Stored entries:
——

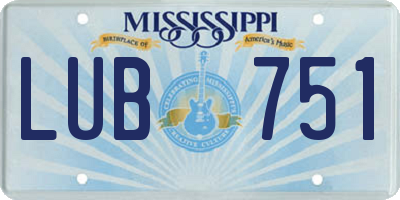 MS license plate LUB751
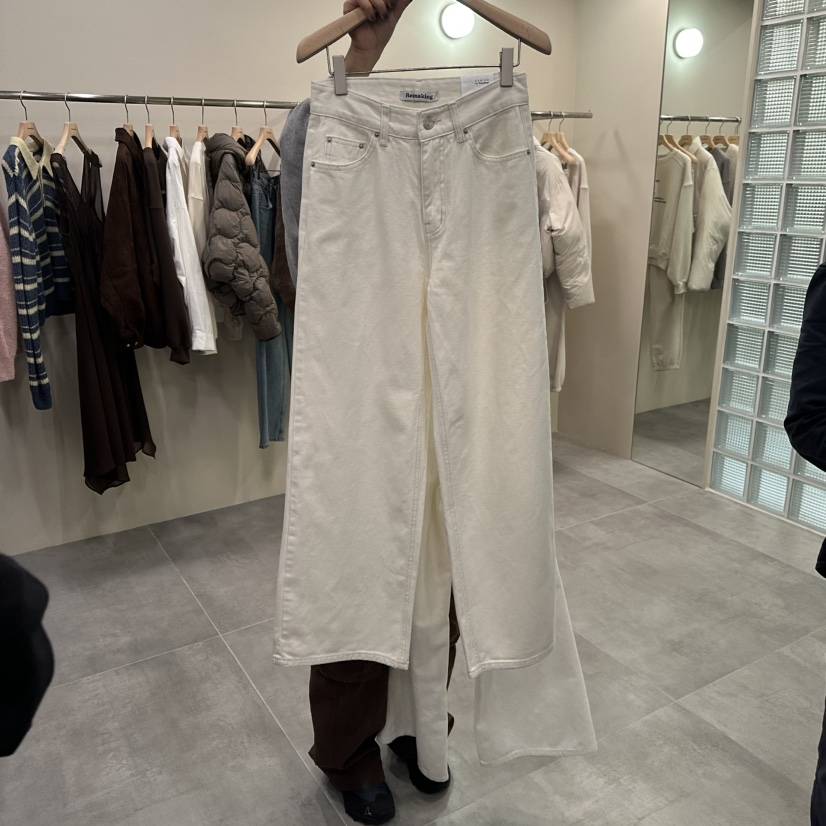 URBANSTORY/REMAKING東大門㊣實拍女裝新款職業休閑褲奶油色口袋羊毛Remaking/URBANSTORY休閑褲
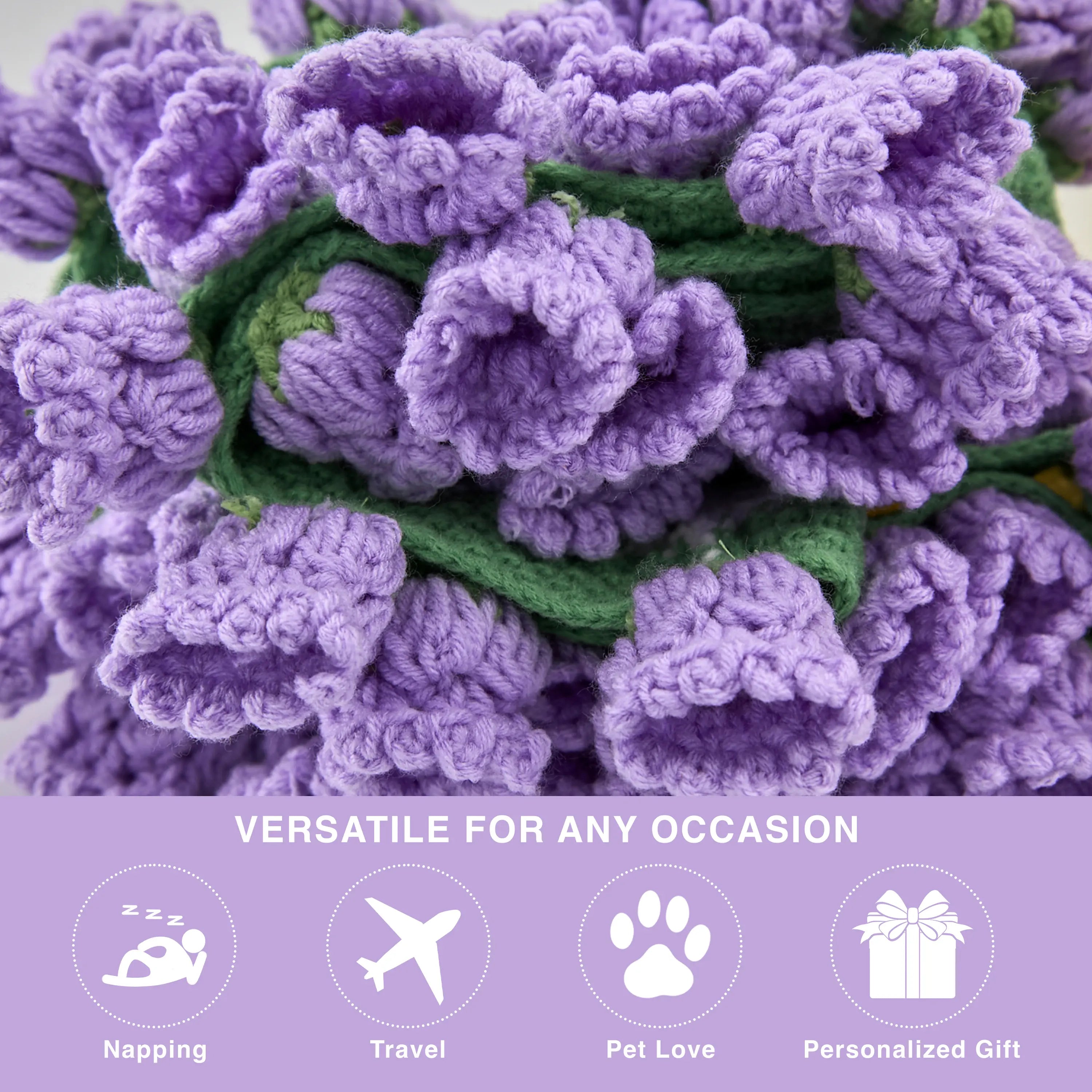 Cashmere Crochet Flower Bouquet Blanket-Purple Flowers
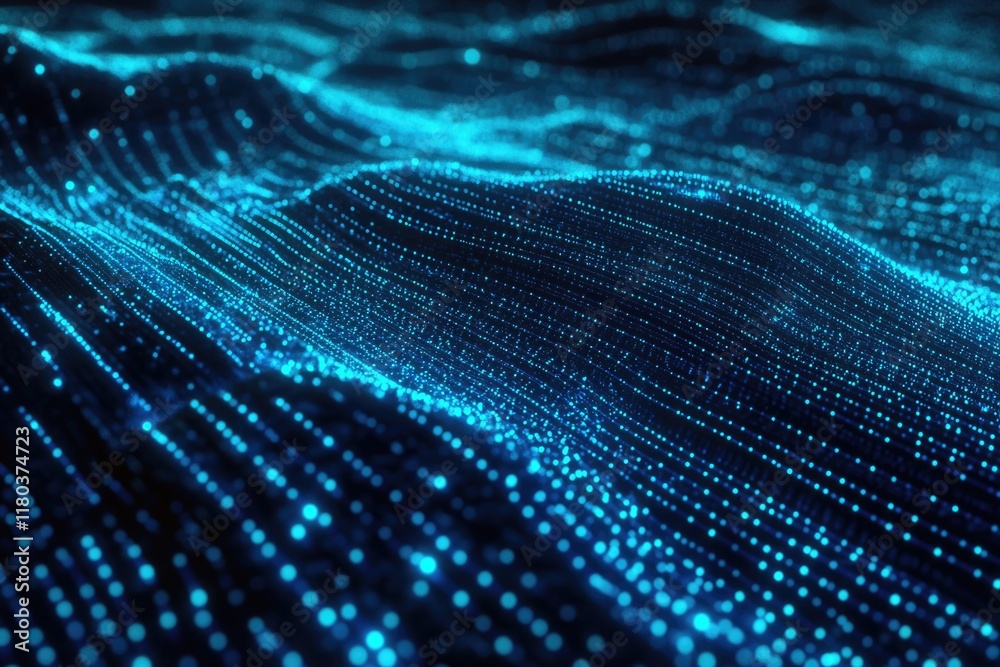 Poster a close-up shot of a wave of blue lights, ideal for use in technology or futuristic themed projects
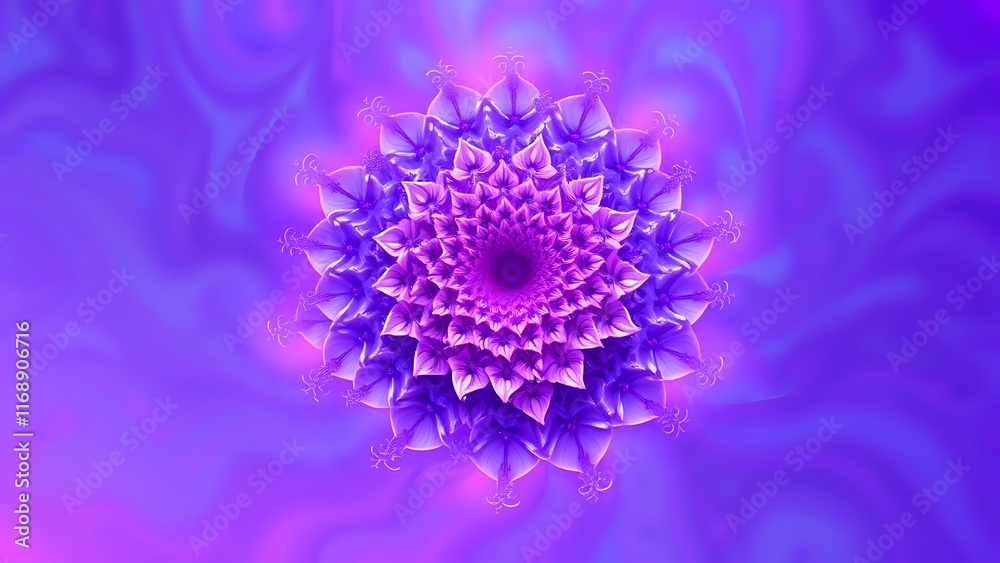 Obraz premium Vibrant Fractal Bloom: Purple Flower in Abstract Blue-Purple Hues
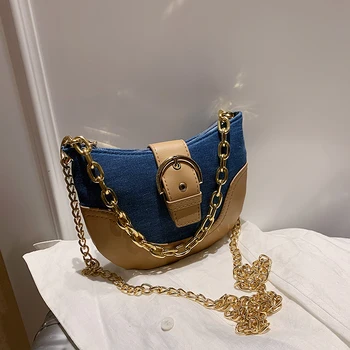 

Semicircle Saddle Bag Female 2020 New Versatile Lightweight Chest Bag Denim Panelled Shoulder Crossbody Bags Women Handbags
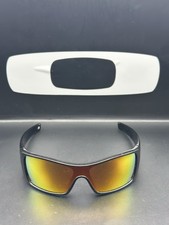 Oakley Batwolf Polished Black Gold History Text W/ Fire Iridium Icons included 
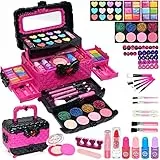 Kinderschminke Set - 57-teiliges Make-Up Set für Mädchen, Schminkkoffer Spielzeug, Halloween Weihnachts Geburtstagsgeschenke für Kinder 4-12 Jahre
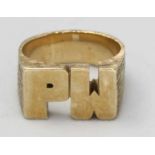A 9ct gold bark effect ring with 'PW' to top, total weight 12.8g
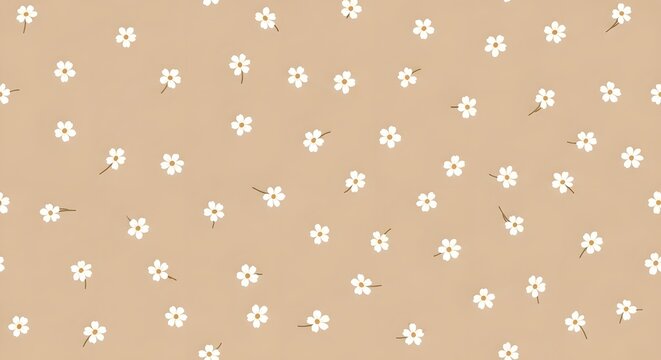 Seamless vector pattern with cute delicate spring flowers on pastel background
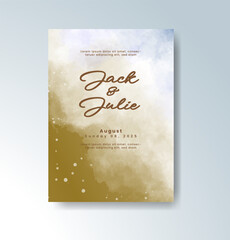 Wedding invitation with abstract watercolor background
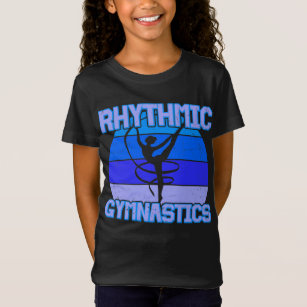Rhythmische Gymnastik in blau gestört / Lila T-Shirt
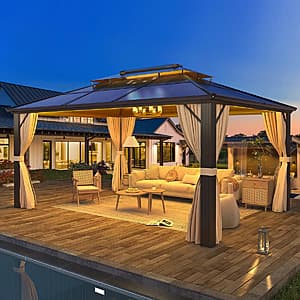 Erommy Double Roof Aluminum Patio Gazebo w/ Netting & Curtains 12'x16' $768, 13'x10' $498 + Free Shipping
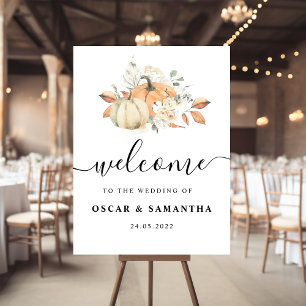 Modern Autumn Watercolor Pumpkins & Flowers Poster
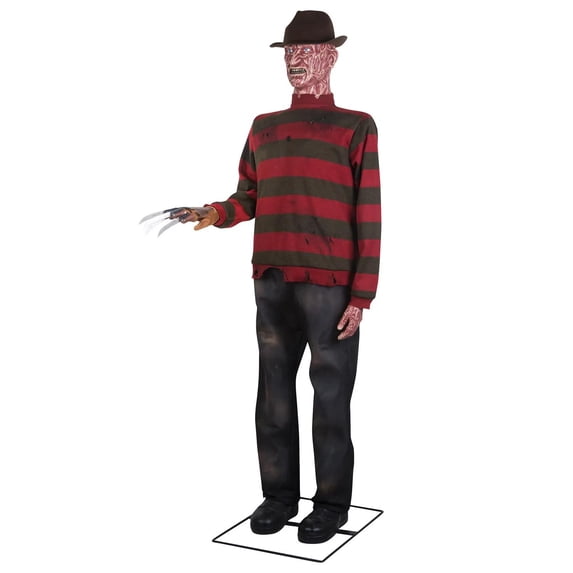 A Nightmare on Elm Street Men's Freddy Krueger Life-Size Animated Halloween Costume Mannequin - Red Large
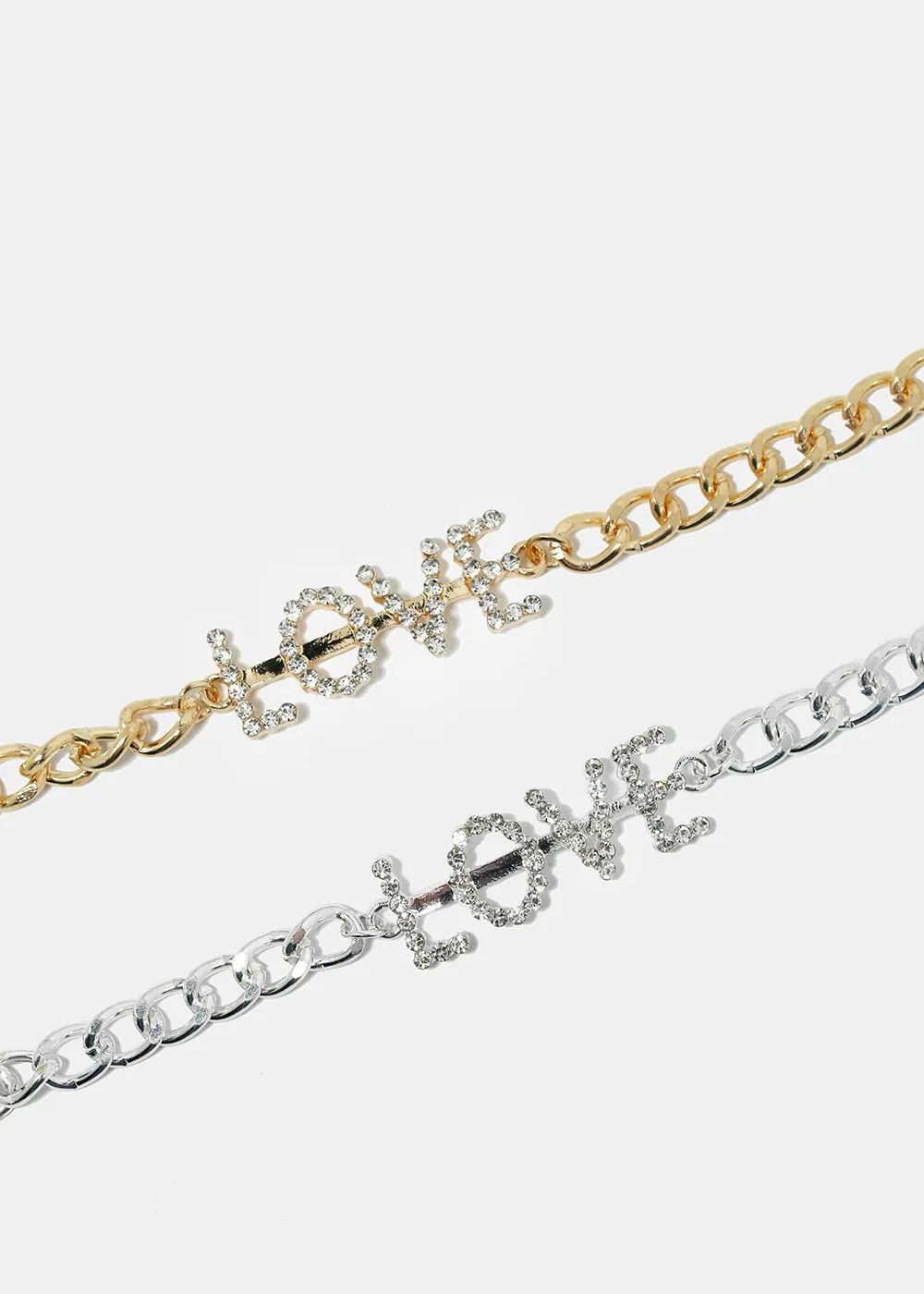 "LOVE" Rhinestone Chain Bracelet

——

◆ Exercise goal:
Apart from the pictures, which are to be omitted, every record must be transcribed exactly.

◆ Solution to the exercise:
 MS license plate LUB751
 URBANSTORY/REMAKING東大門㊣實拍女裝新款職業休閑褲奶油色口袋羊毛Remaking/URBANSTORY休閑褲
 Cashmere Crochet Flower Bouquet Blanket-Purple Flowers
 Poster a close-up shot of a wave of blue lights, ideal for use in technology or futuristic themed projects
 Obraz premium Vibrant Fractal Bloom: Purple Flower in Abstract Blue-Purple Hues

Semicircle Saddle Bag Female 2020 New Versatile Lightweight Chest Bag Denim Panelled Shoulder Crossbody Bags Women Handbags
 Oakley Batwolf Polished Black Gold History Text W/ Fire Iridium Icons included 
 Kinderschminke Set - 57-teiliges Make-Up Set für Mädchen, Schminkkoffer Spielzeug, Halloween Weihnachts Geburtstagsgeschenke für Kinder 4-12 Jahre
A 9ct gold bark effect ring with 'PW' to top, total weight 12.8g
 Seamless vector pattern with cute delicate spring flowers on pastel background
 Wedding invitation with abstract watercolor background
Rhythmische Gymnastik in blau gestört / Lila T-Shirt
 Erommy Double Roof Aluminum Patio Gazebo w/ Netting & Curtains 12'x16' $768, 13'x10' $498 + Free Shipping
 Modern Autumn Watercolor Pumpkins & Flowers Poster
 A Nightmare on Elm Street Men's Freddy Krueger Life-Size Animated Halloween Costume Mannequin - Red Large
 "LOVE" Rhinestone Chain Bracelet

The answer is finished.